RCN network and telecoms manager, Geoff Lewis, explained: “One option we considered was the adoption of an RSA SecurID token-based system. However, with a need to improve our compliance and drive down cost, rolling this solution out to more than 950 users was cost prohibitive. We needed something more creative.”


Lewis engaged with Icomm Technologies, resulting in a solution consisting of SonicWall’s Aventail SSL Virtual Private Network (VPN), which encrypts data traffic; and strong two-factor tokenless user authentication using Swivel’s PINsafe system.

The team configured two Sonicwall Aventail appliances to provide fail-over as a replicated pair, co-located at separate data centres in Cardiff and London.
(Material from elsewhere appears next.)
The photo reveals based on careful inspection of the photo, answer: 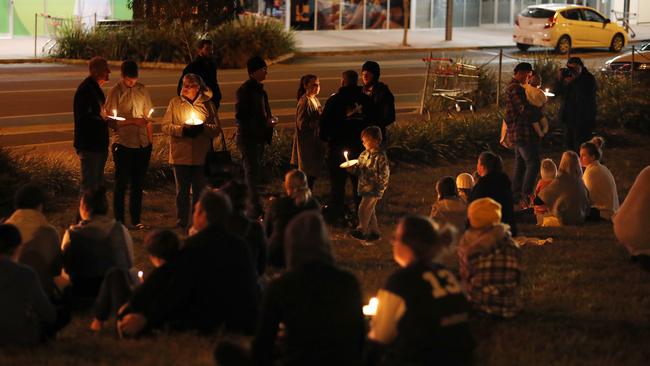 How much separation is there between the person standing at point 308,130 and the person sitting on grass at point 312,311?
706cm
Instead of costly ID tokens, PINsafe users have a registered four-digit PIN and a random 10-digit security string that is different for each login session. Easy to read by the user, the string is displayed as a masked image using irregular fonts and randomised pattern backgrounds to prevent OCR and screen-crawler malware from capturing it. The string and the PIN are combined to generate a One-Time-Code to authenticate each login session. The security string can be delivered to the user in a variety of ways, using an existing mobile phone or internet technology.

For the RCN, users access the network remotely by clicking an ‘Aventail’ desktop icon and logging in to an SSL VPN form supplying their everyday log-in details. The user then inputs their ‘One-Time-Code’ for further authentication and immediate access.

Importantly, a dedicated token is not required.


Lewis said: “Fundamentally, we have generated real savings in terms of upfront investment and on-going support costs with a faultless solution that has future proofed the RCN’s progressive aspirations for growth, compliance and cost reduction. We no longer need to worry about further hardware expenditure if we want to scale the deployment of new remote users. Provisioning a new user is simply point and click through a central management dashboard linked to our Active Directory user database.

“The greater resilience and enhanced business continuity afforded by this truly next-generation approach has taken us a step well beyond current standards. Change management can often be a concern when deploying new methods or processes of working. However, calls to our helpdesk regarding remote access have dramatically reduced. This is testament to the very user-friendly approach the solution provides. Our relatively non-technical home-based members of staff have adapted to the new process very quickly.”